[[ AVAILABLE DATA, beginning ]]
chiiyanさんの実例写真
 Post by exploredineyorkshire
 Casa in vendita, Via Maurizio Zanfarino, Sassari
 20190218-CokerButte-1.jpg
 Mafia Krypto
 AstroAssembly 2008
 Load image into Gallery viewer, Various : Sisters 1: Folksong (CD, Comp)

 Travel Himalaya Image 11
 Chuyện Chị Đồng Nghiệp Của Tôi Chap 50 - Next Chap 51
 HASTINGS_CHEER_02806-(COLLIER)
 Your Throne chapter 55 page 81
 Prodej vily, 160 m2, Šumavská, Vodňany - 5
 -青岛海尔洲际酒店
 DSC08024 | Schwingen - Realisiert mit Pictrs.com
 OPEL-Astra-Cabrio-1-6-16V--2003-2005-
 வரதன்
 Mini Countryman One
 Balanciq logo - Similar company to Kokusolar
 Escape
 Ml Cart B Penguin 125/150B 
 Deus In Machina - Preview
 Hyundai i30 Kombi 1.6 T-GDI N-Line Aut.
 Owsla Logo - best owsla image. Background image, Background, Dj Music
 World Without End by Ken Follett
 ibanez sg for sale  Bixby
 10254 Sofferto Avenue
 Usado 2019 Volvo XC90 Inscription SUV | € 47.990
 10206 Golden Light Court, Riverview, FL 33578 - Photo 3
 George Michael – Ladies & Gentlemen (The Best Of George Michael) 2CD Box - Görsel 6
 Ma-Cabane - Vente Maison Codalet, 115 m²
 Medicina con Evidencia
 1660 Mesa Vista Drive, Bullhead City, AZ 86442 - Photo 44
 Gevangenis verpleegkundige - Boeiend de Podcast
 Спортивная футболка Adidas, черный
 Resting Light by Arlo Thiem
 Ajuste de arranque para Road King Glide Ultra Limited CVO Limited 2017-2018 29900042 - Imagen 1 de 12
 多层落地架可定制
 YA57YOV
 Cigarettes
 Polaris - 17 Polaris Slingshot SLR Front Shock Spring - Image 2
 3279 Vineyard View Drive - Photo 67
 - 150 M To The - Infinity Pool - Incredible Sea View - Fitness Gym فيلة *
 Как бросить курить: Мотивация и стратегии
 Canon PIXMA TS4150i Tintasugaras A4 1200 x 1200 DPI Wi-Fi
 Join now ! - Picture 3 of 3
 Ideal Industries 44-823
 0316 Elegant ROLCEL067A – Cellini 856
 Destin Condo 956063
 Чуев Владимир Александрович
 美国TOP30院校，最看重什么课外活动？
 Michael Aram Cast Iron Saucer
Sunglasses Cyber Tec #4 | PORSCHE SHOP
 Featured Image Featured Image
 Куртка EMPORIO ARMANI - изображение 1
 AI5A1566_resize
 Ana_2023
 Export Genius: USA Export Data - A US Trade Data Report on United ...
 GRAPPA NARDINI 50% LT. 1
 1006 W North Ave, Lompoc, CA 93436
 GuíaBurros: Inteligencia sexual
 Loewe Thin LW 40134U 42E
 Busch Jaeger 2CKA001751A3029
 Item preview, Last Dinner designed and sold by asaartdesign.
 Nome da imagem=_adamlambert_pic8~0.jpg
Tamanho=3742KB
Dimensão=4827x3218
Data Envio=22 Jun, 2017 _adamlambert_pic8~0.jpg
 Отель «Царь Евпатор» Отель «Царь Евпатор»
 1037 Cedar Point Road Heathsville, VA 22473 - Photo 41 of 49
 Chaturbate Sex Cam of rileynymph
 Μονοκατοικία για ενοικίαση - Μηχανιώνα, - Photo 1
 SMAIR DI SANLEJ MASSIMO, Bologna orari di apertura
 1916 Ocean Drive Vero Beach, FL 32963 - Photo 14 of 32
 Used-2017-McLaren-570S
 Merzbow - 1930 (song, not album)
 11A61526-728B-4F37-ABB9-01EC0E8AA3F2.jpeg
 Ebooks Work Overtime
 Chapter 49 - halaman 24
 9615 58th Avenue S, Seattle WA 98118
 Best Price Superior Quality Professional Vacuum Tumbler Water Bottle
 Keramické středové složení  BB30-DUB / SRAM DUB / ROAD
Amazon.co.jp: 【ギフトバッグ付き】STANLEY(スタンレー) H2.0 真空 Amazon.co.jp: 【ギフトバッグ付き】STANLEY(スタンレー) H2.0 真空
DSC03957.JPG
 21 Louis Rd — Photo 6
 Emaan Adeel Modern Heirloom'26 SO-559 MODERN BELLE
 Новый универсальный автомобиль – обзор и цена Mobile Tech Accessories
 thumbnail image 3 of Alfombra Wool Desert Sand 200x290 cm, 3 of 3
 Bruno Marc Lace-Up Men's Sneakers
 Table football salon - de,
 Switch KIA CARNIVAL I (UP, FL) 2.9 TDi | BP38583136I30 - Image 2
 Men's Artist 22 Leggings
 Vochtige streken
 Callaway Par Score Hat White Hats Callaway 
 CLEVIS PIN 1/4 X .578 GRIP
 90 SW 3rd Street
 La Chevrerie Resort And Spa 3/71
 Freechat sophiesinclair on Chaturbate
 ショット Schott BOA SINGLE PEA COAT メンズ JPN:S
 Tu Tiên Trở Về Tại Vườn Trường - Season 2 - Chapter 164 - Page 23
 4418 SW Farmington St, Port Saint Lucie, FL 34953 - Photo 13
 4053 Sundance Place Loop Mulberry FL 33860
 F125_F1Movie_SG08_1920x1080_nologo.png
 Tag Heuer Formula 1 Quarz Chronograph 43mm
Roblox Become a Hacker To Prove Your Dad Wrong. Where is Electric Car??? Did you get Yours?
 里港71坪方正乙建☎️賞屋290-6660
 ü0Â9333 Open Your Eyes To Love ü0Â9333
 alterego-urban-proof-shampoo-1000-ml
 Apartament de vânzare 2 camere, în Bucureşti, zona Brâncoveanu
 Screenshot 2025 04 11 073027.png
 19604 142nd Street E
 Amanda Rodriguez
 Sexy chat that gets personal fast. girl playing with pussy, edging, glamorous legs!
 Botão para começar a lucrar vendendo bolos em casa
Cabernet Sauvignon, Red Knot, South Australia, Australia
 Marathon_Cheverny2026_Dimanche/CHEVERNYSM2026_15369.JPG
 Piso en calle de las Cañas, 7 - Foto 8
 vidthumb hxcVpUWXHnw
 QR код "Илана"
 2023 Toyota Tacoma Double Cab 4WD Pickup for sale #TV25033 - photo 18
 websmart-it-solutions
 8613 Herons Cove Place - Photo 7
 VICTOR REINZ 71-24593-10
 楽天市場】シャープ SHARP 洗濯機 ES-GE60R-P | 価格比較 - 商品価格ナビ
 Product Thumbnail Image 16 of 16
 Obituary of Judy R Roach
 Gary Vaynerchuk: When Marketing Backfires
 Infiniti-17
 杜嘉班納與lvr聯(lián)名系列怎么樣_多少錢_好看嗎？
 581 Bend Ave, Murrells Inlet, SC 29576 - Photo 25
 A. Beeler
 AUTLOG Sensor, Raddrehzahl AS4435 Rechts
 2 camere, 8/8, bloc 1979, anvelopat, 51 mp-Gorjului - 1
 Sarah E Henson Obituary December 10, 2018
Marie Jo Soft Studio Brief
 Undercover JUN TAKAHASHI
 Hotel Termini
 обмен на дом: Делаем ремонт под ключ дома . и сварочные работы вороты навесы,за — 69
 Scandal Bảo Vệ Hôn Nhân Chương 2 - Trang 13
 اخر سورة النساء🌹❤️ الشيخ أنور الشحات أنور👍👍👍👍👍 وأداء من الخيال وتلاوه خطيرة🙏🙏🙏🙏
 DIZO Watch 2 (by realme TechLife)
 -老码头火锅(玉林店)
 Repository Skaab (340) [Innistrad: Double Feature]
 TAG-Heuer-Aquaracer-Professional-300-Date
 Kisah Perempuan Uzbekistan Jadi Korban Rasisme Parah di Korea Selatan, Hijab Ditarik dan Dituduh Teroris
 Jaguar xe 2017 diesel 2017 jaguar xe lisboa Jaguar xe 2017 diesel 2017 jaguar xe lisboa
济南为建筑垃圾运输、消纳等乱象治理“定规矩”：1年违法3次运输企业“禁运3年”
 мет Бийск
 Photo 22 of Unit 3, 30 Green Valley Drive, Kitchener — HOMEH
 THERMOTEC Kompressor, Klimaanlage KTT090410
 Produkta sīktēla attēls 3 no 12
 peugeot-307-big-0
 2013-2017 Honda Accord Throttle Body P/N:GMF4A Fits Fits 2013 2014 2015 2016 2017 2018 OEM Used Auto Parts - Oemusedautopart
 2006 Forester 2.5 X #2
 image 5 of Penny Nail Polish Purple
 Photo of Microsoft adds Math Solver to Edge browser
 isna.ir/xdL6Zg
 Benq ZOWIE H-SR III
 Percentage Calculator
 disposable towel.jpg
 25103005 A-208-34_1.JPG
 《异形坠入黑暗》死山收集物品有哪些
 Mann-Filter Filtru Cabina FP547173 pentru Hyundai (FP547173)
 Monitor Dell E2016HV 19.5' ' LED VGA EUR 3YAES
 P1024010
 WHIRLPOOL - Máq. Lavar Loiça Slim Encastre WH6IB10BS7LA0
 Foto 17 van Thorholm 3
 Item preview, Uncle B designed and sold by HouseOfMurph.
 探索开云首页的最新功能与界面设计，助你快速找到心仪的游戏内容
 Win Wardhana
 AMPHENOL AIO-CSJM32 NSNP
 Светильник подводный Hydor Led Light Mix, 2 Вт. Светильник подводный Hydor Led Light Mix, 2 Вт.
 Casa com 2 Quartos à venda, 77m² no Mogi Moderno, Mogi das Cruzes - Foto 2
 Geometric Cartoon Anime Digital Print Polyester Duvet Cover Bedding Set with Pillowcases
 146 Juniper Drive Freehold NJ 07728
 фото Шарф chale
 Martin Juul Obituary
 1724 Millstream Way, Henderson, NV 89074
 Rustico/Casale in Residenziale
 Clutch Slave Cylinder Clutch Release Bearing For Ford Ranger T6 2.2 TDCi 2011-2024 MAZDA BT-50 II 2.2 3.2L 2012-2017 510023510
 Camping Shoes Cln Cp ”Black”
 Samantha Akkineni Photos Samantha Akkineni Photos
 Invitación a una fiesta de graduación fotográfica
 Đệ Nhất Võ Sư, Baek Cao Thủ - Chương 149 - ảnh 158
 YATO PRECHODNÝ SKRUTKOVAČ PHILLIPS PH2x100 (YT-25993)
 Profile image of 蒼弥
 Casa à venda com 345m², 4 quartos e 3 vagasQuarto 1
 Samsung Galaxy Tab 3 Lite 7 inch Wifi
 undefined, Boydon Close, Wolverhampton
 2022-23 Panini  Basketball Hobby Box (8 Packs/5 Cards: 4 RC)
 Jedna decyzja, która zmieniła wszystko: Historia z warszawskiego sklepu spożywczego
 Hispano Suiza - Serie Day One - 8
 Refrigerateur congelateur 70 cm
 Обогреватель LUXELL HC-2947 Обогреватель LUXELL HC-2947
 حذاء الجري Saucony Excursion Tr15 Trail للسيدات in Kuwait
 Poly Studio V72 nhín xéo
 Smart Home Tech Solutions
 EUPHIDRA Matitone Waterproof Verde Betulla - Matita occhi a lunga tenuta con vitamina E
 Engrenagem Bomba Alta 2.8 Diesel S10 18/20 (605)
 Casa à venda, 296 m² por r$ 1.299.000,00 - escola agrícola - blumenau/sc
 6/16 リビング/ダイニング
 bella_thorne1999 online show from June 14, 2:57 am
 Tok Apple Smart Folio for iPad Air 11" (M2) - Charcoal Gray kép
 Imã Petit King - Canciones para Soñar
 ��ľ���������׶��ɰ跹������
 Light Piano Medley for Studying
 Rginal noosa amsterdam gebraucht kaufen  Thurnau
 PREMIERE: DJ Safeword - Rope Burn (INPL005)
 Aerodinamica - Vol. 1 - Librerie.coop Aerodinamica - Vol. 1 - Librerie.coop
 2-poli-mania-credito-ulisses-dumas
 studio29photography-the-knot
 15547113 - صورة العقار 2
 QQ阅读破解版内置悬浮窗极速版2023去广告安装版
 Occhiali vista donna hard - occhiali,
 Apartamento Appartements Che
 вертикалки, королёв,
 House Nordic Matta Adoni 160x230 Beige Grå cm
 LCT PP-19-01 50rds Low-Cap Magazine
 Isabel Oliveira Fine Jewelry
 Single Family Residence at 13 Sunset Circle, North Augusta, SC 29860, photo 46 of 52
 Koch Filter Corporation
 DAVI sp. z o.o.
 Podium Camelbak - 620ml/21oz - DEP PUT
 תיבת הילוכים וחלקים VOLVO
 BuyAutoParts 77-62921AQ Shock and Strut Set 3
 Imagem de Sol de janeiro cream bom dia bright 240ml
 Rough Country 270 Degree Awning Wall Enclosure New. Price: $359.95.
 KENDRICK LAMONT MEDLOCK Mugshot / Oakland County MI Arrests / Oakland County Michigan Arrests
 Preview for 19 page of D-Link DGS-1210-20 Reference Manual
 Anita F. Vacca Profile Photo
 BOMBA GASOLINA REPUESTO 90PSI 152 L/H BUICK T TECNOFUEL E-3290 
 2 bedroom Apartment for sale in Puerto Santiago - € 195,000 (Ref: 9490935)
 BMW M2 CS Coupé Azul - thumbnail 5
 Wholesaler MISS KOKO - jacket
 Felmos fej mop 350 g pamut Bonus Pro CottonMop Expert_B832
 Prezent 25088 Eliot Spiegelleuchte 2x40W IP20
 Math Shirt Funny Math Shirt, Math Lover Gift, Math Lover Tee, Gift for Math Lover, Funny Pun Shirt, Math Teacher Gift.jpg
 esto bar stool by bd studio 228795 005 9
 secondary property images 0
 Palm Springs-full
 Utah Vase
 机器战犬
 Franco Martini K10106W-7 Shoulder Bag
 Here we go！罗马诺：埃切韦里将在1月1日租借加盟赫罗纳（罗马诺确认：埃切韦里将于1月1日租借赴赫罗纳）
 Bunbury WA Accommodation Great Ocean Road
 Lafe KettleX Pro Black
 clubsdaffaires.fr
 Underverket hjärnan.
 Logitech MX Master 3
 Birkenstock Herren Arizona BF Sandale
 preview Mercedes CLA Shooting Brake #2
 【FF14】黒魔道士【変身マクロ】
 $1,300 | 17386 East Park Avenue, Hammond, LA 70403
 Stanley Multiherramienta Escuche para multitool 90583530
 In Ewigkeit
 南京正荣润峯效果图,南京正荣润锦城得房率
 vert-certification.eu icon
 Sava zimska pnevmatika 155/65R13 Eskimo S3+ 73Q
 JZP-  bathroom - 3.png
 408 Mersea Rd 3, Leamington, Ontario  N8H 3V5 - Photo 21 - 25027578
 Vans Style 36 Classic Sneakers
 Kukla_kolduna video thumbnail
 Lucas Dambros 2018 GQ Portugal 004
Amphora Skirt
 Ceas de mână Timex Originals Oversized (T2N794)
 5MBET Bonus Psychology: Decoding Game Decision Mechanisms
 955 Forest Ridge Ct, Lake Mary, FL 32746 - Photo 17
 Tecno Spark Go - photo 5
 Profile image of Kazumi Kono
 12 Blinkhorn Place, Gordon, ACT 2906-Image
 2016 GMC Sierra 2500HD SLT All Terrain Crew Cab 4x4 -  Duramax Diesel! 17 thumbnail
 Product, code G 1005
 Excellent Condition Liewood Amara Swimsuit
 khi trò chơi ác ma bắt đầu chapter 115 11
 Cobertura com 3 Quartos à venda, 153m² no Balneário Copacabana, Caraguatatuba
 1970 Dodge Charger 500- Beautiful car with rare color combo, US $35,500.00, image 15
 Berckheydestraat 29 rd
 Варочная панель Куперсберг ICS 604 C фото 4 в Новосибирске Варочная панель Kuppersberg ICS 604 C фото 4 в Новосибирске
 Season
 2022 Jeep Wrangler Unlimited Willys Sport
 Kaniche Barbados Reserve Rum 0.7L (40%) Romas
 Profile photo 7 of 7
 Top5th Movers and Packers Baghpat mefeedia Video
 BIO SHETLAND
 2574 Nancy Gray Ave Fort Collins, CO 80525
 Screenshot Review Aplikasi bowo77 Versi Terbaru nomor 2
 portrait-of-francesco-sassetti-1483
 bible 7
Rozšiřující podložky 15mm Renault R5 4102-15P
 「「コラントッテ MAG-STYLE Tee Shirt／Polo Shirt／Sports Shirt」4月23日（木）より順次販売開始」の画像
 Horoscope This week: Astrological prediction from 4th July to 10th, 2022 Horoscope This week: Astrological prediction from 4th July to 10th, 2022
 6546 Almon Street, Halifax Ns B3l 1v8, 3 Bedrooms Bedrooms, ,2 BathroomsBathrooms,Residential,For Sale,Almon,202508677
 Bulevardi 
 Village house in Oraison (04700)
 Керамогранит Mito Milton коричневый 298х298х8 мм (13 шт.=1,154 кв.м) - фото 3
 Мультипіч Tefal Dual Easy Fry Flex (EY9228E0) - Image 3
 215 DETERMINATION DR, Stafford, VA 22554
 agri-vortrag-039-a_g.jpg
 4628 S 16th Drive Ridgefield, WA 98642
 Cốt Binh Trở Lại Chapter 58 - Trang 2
[[ AVAILABLE DATA, end ]]
BRIEF ▸ From the data above, show each line that contains "Shirt".

RESPONSE AREA ▸
 Math Shirt Funny Math Shirt, Math Lover Gift, Math Lover Tee, Gift for Math Lover, Funny Pun Shirt, Math Teacher Gift.jpg
 「「コラントッテ MAG-STYLE Tee Shirt／Polo Shirt／Sports Shirt」4月23日（木）より順次販売開始」の画像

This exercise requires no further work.